David Horowitz, Women’s Studies, and Islamo-Fascism Awareness Week

Of all the opportunities to be intellectually flabbergasted offered by David Horowitz and FrontPageMag’s ludicrously named “Islamo-fascism Awareness Week” the one that takes my cake involves Horowitz’ claim that feminists and Women’s Studies advocates have not taken seriously the status of women in Islam. Clearly Horowitz simply does not read (and has no doubt never read) Vandana Shiva, Uma Narayan, or Alison Jaggar—just to name a few. Obviously, he’s not familiar with the well-known work of environmentally oriented feminists like Karen Warren, Christine Cuomo, or even my own modest contributions to analyzing the status of women—nationally and internationally—in light of the economic, social, political, and environmental complexities that characterize it. No, what Horowitz really means is that because few feminists are willing to throw in their lot with his crusade to crucify Islam, we’re not his kind of feminists. Because we’re willing to give equal time to the analysis of the patriarchal and heterosexist practices of, say Ann Coulter’s Christianity for bigots—we aren’t even his kind of women.

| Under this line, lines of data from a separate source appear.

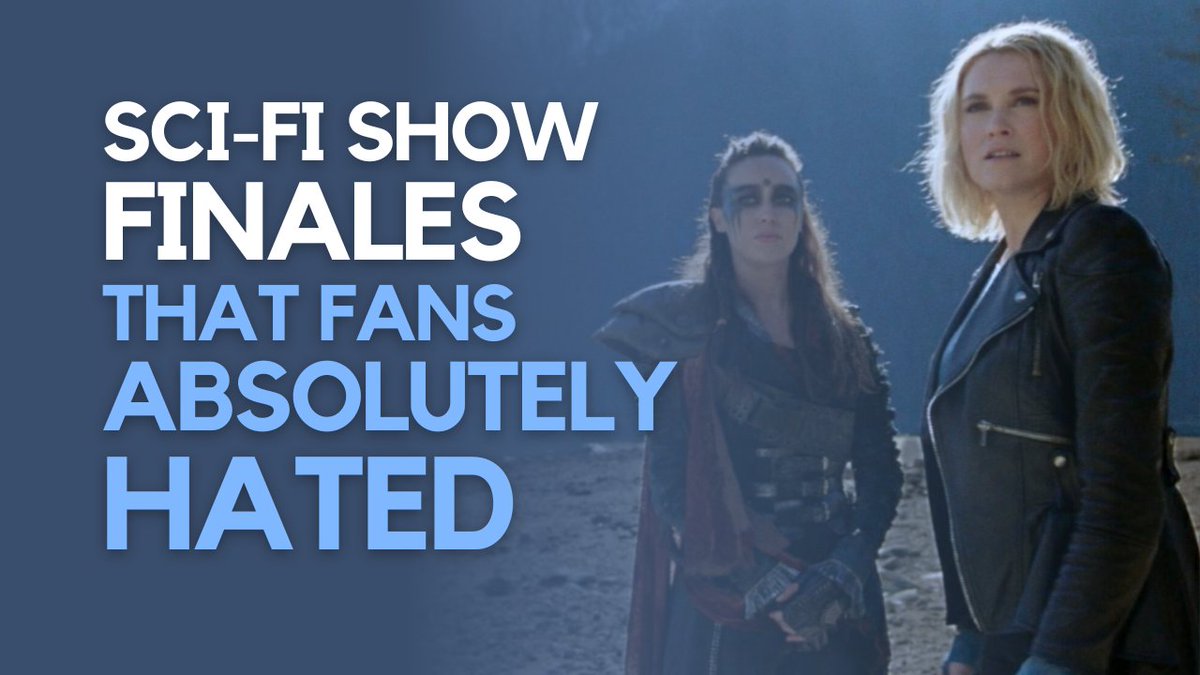 Sci-fi fans are some of the most passionate viewers out there—and nothing tests that passion like a bad ending. So, in this video, we’re looking at the most hated sci-fi TV show finales 👇

youtu.be/btWXhwKaSZM

#the100 #seriesfinale #scifi #scifitv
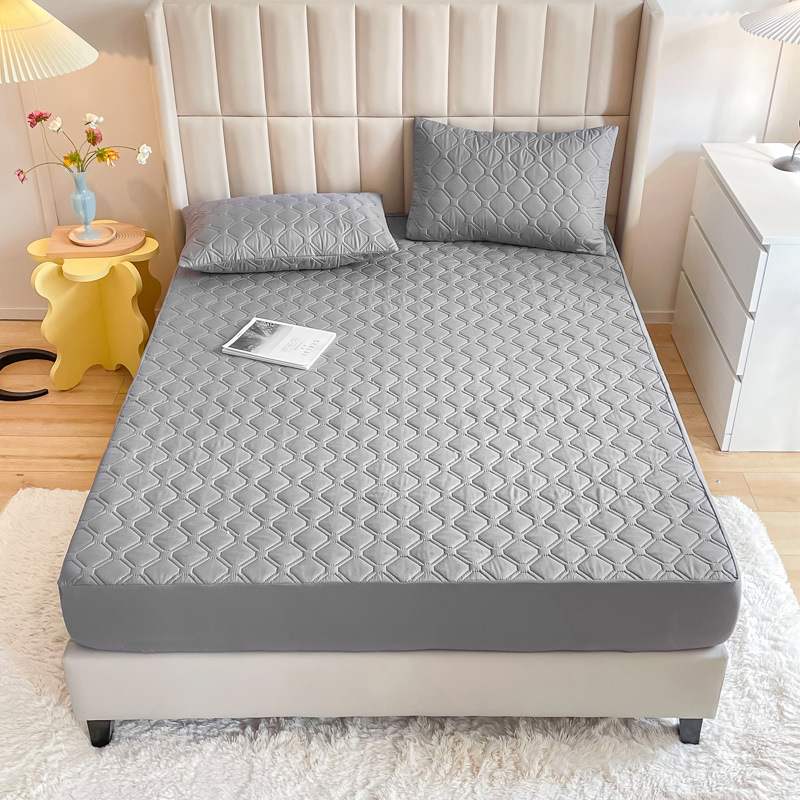 Tpu Waterproof Bed Cover Children Elderly Urine-proof Dust-proof Bedspread Mattress Simmons Protective Cover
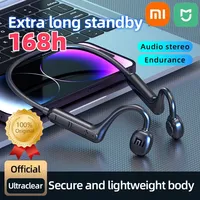 Xiaomi Bluetooth 5.3 Earphones Neck Mounted Wireless Headset open-back Earphones PortableHigh Power Smooth Sound Conduction New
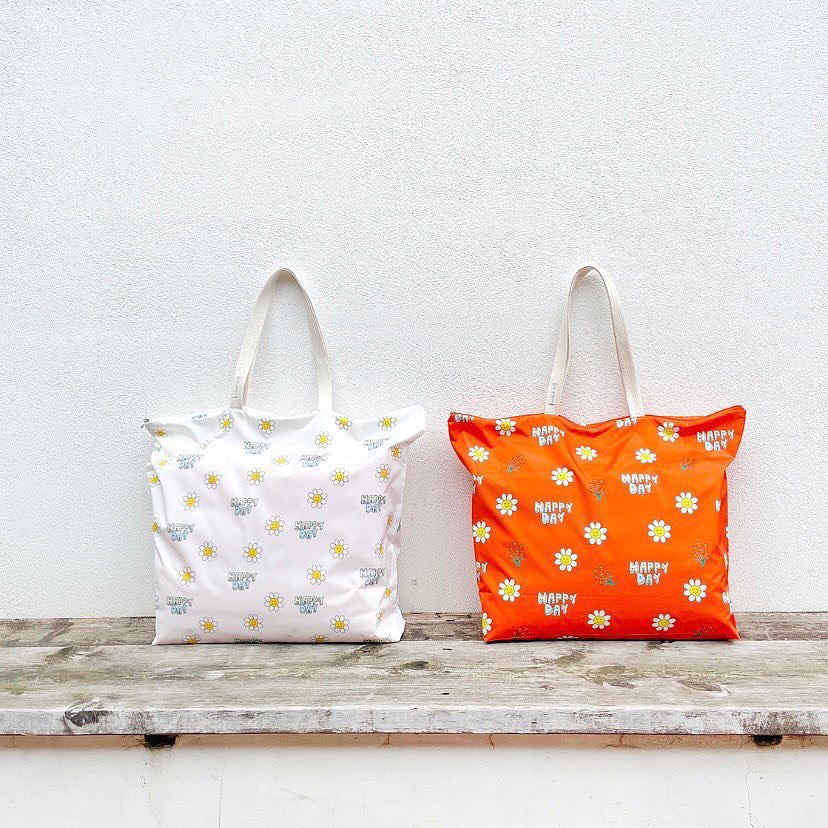 韓系小花Happy Day 幼稚園睡袋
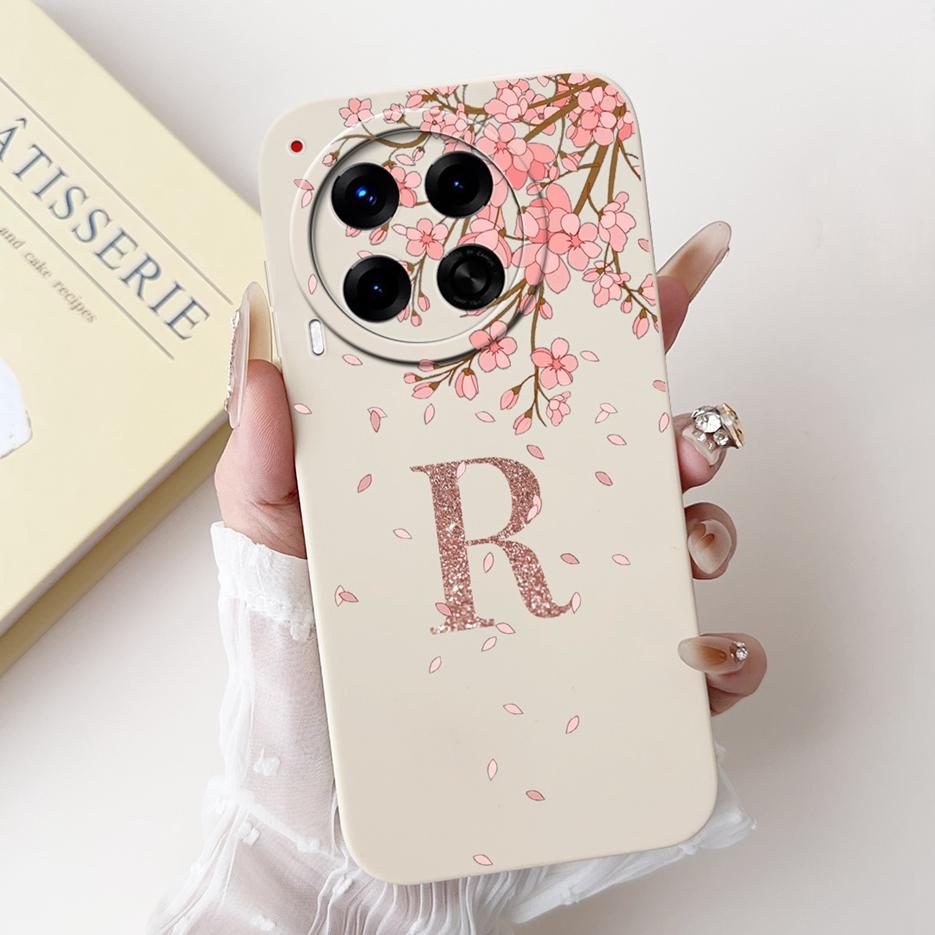 For Tecno Camon 30 Case CL6 CL6k Cute Crown Letters Cover Shockproof Phone Case For Tecno Camon 30 Premier Camon30 5G Soft Shell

The truth is that this is just Horowitz’ latest attempt to hijack the language of the so-called Left, or in this case feminism, in the service of his crusade to vilify the work of those who’d dare question the authority of, say, the military-corporate-industrial circle-jerk of the Bush administration, or the “missionary position” women are expected to fulfill as unpaid labor of every kind in the “traditional family,” or the continuing subordination of women in many denominations of the Christian Church. By turning the heat lamp on what few with any sense deny are abuses in Islam, Horowitz effectively erases the history of the Inquisition, ignores the staggering facts of corporate-sponsored labor abuses of women and children in the so-called developing world, skips over the fact that—regardless religion—women perform the vast majority of the world’s subsistence farming—often under environmental conditions so polluted and degraded by companies like Union Carbide and McDonald’s that the children they’re compelled to bear for lack of access to contraceptives starve. Nope, Horowitz doesn’t get to hijack the feminist high road—not on my watch, and not by parading willful ignorance as if it were his own special moment of enlightenment.